Goal of the exercise: The records are to be copied word for word, and the pictures dropped.
───── The data ─────
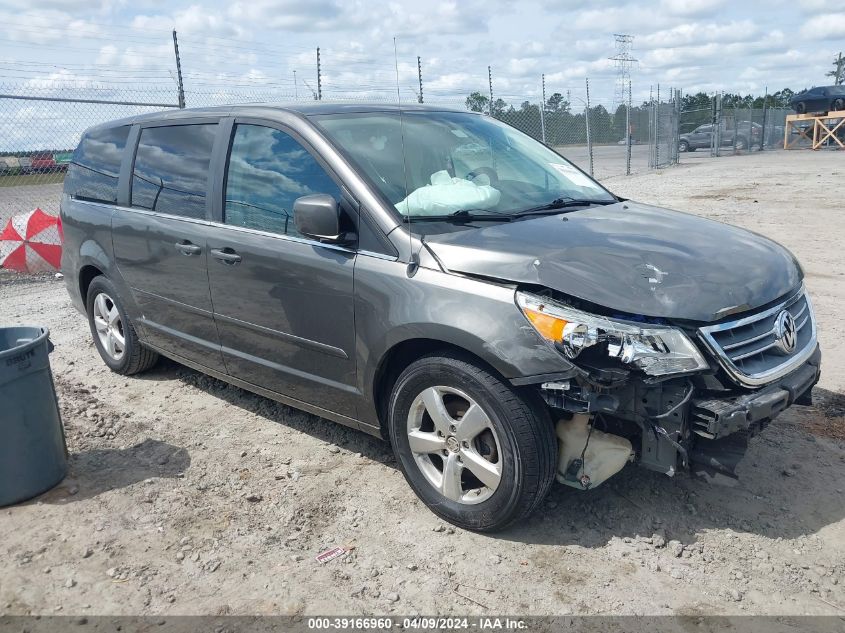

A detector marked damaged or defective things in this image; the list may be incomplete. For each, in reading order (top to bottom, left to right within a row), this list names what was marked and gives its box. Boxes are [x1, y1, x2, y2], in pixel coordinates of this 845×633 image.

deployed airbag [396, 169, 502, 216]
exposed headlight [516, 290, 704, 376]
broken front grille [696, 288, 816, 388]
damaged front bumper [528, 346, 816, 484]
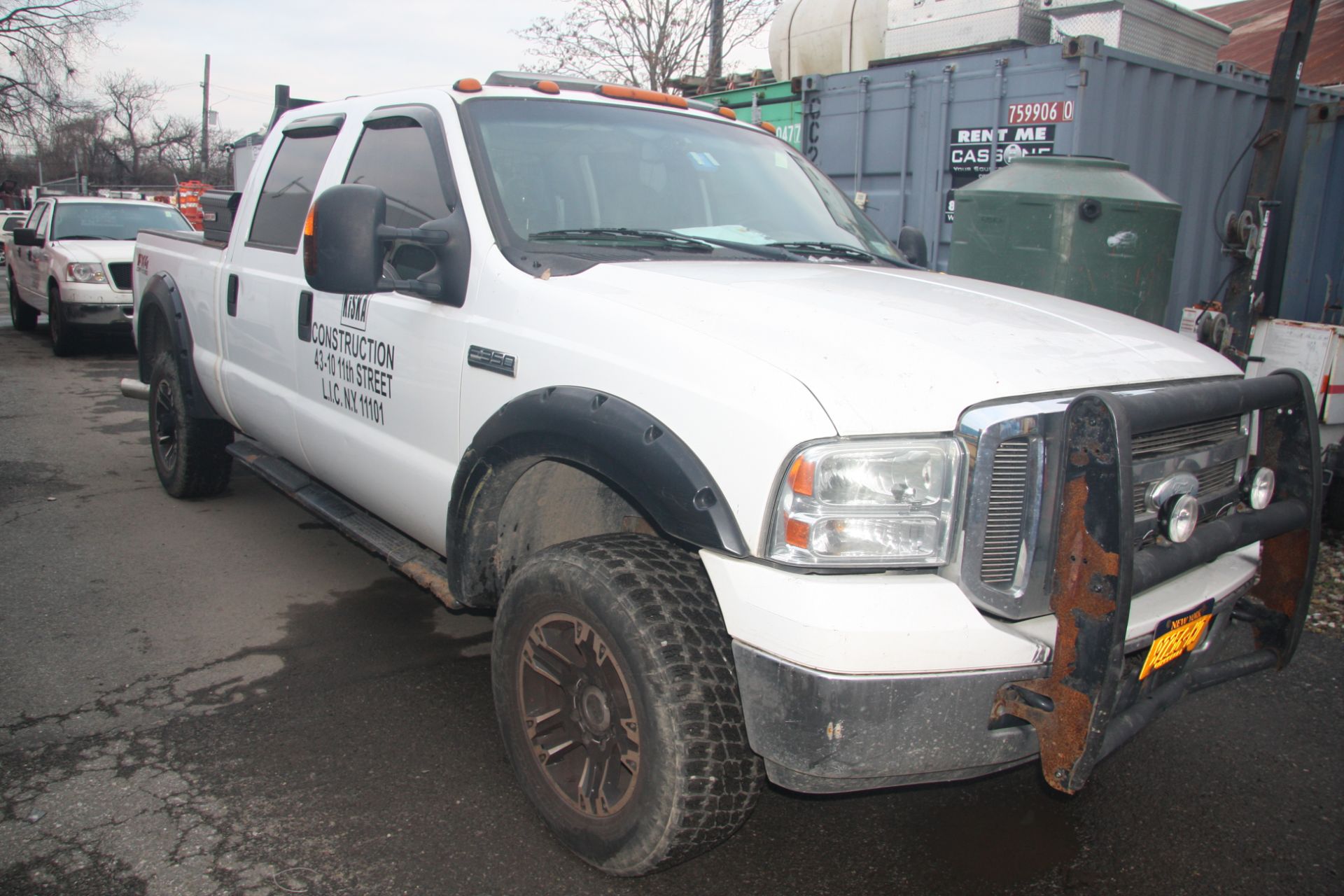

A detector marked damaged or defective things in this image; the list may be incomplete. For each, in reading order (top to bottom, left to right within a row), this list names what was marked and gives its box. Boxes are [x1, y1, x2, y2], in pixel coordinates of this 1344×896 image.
─────
Expected output:
A detector marked damaged or defective things in this image; the list may be incomplete. For each, in reading order (top to bottom, left to right within a row), this list names what was marked and gives its box. Boxes are [x1, y1, x2, y2], in pixel coordinates of this 845×633 image.

deployed airbag [396, 169, 502, 216]
exposed headlight [516, 290, 704, 376]
broken front grille [696, 288, 816, 388]
damaged front bumper [528, 346, 816, 484]

A detector marked damaged or defective things in this image; the list may be incomplete. For each, in reading order (top to bottom, left to right within a row), this list names what was marked and gives its box. Boxes are [x1, y1, x2, y2], in pixel coordinates of this 1344×896 image.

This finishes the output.